4 large tomatoes, peeled and chopped
8 large garlic cloves, thinly sliced
1 cup copped fresh flat-leaf parsley (I left this out, due to my garden's parsley crop failure)
1 cup plus 2 tbsp. extra-virgin olive oil (I don't think I used this much. I just added a bit as I went along)
1 (2 lb.) eggplant, cut into 1-inch cubes (I use 3 or 4 Japanese eggplants, peeled, halved lengthwise and sliced into 1-inch cubes)
2 1/4 tsp. salt (I didn't measure salt, but tasted as I went along)
2 large onions, (halved and then cut into 4 wedges per half)
3 assorted bell peppers, cored, seeded and cut into 1-inch wide pieces
4 medium zucchini, quartered lengthwise and cut crosswise into 3/4 inch think pieces (I used yellow summer sqash instead and peeled it first, just because I always do)
1/2 tsp. freshly ground black pepper

Combine tomatoes, garlic, parsley, basil and 1/3 cup oil in a 5-quart heavy pot, bring to a simmer and cook, covered, stirring occasionally, until tomatoes break down and sauce is slightly thickened, about 30 minutes.

(The instructions then describe salting eggplant, which I did not do because I used the Japanese eggplants. They are petite and do not require salting to remove the bitter liquid.)

Meanwhile, heat 3 tablespoons oil in a 12-inch skillet over moderate heat. Add onions with 1/4 tsp. salt and cook, stirring occasionally, until softened, 10 to 12 minutes. With a slotted spoon, transfer onions to a large bowl. Add 3 more tablespoons oil to skillet and cook bell peppers, with 1/4 tsp. salt, stirring occasionally, until softened, about 10 minutes. With slotted spoon, transfer peppers to bowl with onions. Add 3 more tabespoons oil to skillet and cook squash with 1/4 tsp. salt, stirring occasionally until softened, 8 to 10 minutes. With slotted spoon, transfer squash to bowl with other vegetables.

While squash is cooking, add remaining oil to skillet and cook eggplant over moderate heat, stirring occasionally, until softened, 10 to 12 minutes.

Add vegetables, remaining 1 tsp. salt, and pepper to tomato sauce and simmer, covered, stirring occasionally, until vegetables are very tender, about 1 hour. Season ratatouille with salt (and a few generous grinds of black pepper). Cool, uncovered, and serve warm at room temperature.

A container of ratatouille in the fridge is as good as having a jar of peanut butter in the pantry. This versatile stew can be eaten warm or at room temperature. It's also excellent with garlicky sausage bits stirred in or perhaps some flaky white fish, which reminds me of my uncle's seafood stew served when I was (quite a bit) younger.

Monday, September 1, 2008

Labor Day Grill

Ta Tonka Fromage Burgers
Grilled Sweet Corn
Creamy American Potato Salad
Glazed Carrots
Fudgy Brownies

The Ta Tonka Fromage is a family joke -- it's bison burgers with cheese.

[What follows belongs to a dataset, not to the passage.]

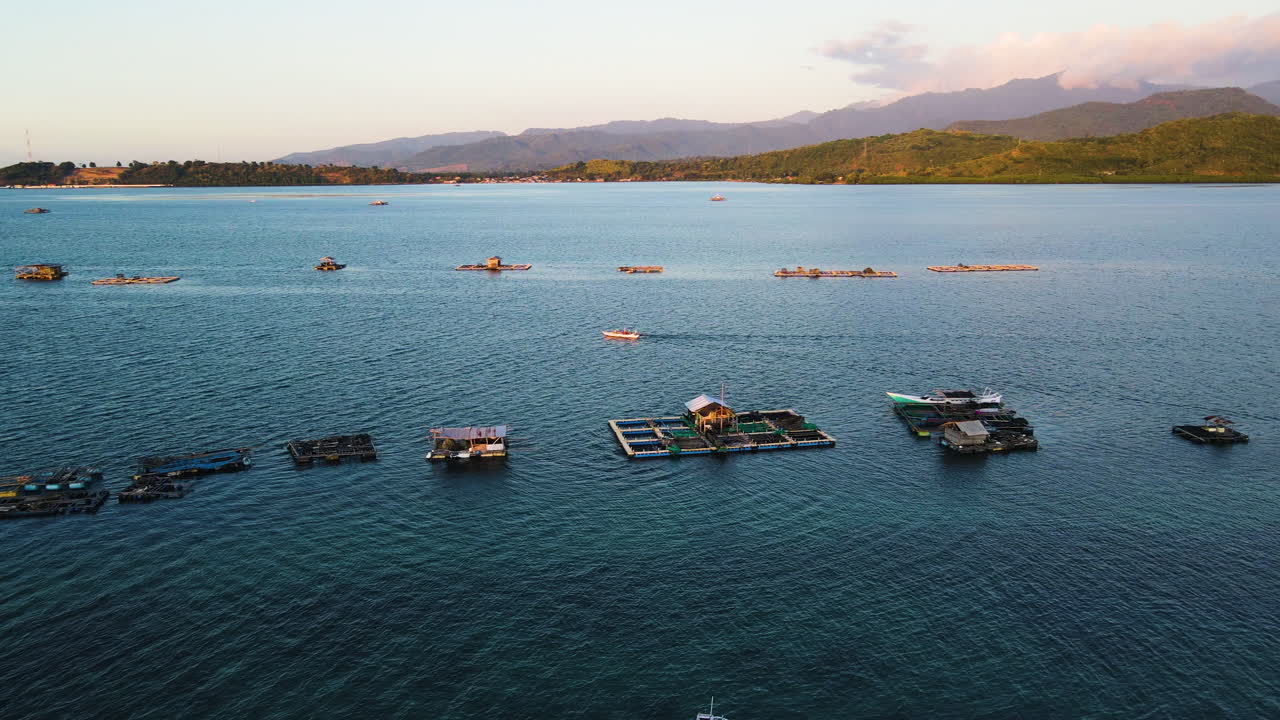 Boat And Wooden Raft Floating In The Blue Sea At Sunrise In Indonesia. - aerial shot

On a vacation in New Mexico, we learned that the Native American word for buffalo is Ta Tonka, so we celebrate that little nugget of knowledge each time I make the burgers. I mix a pound of bison meat with 1/2 of an onion, finely chopped, and splashes of ketchup, soy sauce and whatever steak sauce is kicking in the fridge. This mixture is shaped into patties, grilled and served with American cheese slices, because I'm the kind of food snob who only buys Kraft Singles, not the store brands. You'll find very few convenience foods and "cheese food" type ingredients in my home, but I like Kraft singles for superior meltability and kid-friendly packaging.

The potato salad is from America's Test Kitchen Family Cookbook and it uses a technique that I wrote about for Greek potato salad - tossing the warm potato chunks in seasoned red wine vinegar. This was a very good potato salad, with the expected dollop of Dijon in the mayo, sliced, boiled eggs and chopped sweet pickles, not pickle relish. It was quite tasty and the recipe page shall be bookmarked.